Hey @fuad! You can run Datahike with multiple readers now (I am just trying to figure out what broke the backwards test in https://github.com/replikativ/datahike/pull/332 after that it should be finally merged), multiple simultaneous writers to the same store don't make sense. You can of course replicate Datahike with multi-master as you would do with any other database, but the point is you don't need to. In other words it does not really make sense with read-scalable persistent indices, you can save yourself the work for replication and get read scaling for free. I am not sure whether this was the scenario you had in mind. If you worry about the writer/transactor failing you should use some recovery service for datahike-server and make sure the writer/transactor is always running.

fuad20:03:37

Thanks for the explanation.

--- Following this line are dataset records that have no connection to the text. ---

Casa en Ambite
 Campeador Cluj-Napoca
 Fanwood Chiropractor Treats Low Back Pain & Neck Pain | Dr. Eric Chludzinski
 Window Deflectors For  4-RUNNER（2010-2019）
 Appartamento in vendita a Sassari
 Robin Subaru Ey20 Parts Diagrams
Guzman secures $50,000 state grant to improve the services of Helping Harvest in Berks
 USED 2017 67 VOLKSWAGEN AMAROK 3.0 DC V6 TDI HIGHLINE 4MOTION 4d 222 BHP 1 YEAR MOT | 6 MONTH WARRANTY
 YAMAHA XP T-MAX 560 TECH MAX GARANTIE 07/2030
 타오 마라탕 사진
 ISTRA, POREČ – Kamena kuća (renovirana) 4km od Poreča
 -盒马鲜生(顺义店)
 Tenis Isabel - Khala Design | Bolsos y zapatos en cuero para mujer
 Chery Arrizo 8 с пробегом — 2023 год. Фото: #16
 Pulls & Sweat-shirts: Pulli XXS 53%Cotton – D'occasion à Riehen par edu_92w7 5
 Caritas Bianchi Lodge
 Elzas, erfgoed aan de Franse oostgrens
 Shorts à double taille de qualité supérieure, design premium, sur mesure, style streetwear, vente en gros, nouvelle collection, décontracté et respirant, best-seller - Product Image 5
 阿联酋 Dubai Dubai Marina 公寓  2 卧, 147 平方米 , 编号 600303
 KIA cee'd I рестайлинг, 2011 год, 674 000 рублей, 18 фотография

I think I was a bit confused by some datahike concepts and, as a consequence, my original message wasn't super clear. > multiple simultaneous writers to the same store don't make sense. Right. That's the same with datomic but in that case you have the transactor presented as a standalone application. If I understand correctly, when using datahike with multiple application instances writing to the db (e.g. multiple instances of the same web server app behind a load balancer for horizontal scaling), you need to factor the datahike writes out into a separate service and have some external infrastructure piece serialize those writes into this new component (e.g. a kafka topic with a single partition where the multiple instances produce and the datahike transactor service consumes). Right now the particular app I'm developing doesn't have multiple instances, which would be ok for writing into datahike directly from them. However, I foresee the need for multiple instances either because of horizontal scaling or simply because of a rolling deployment strategy, where a new instance is deployed in parallel to the old one before that old one is terminated. Such scenarios would render the idea of writing to datahike directly from that clojure app inappropriate.

fuad20:03:28

Some extra context on why I'm particularly interested in datahike: I'm developing an app which will likely need heavy real-time syncing capabilities for web/mobile clients and I'm investigating whether the datomic model is a good tool to solve that problem (e.g. sync with clients based on tailing the transaction log). We're also investigating solutions in the realm of CRDTs, particularly but not limited to text data, and I'm trying to understand the potential approaches to this.

whilo21:03:02

Yes, your understanding is correct. The transactor/writer we provide now is datahike-server, which is basically a REST interface to datahike.api . The necessary glue code to send transactions to it is here https://github.com/replikativ/datahike-server-transactor, but that could also send to a kafka writer or some other event log which does the writing to the database.

whilo21:03:24

How important is Redis to you?

whilo21:03:58

I can write a backend for you in a few hours, it is just good for me to know in which conditions it is being used.

whilo21:03:21

Regarding CRDTs, you are probably aware that replikativ is a CRDT system. It does not have a text CRDT, but we have conceptualized a CRDT for databases operating on entity level. It would be possible to use replikativ for the event log and let it manipulate local Datahike instances to reflect the local CRDT state. Concretely we suggest to use an OR-Map for entities with either manual or compatible idempotent and commutative merge functions. Depending on your needs, if you can provide such a merge function for text it might also generalize to your setup. A lot also depends on how often you write ofc. Replikativ is optimized, but not as much as Automerge is.

whilo21:03:36

But this is probably not what you have in mind.

whilo07:03:06

I added a konserve backend for redis https://github.com/replikativ/konserve-redis and have the code for Datahike as well, but I still need to test it.

fuad12:03:32

Text CRDTs are pretty tricky, especially rich text ones, which is what I'm interested in. Neither automerge nor y.js have cracked it yet, but I'm keeping an eye on what they're doing. For now I'm handling text in a much simpler way and it has been working ok.

fuad12:03:42

I am however interested in having the realtime sync for other parts of the application which don't involve text directly (other entities and data structures). For this I am investigating possible approaches and this seems to be a more trivial problem. CRDTs are an option but I need to understand how they compare to more conventional solutions. I need to educate myself a bit more on replikativ. I have watched some of the conference talks but I'll read the website to make sure I fully understand how it works. Let me know if there are any additional resources.

whilo18:03:35

Here is an example of how we coupled replikativ with datascript in the browser https://github.com/replikativ/topiq/blob/master/src/topiq/core.cljs#L156. Instead of using CDVCS, I would use an OR-Map with entries for each entity and resolve conflicts on that level. But this really depends on which granularity you want to model conflicts. The large the things that needed to updated consistently the more conflicts you get. Entities seem to be a reasonable level (compared to Datoms, or multiple entities).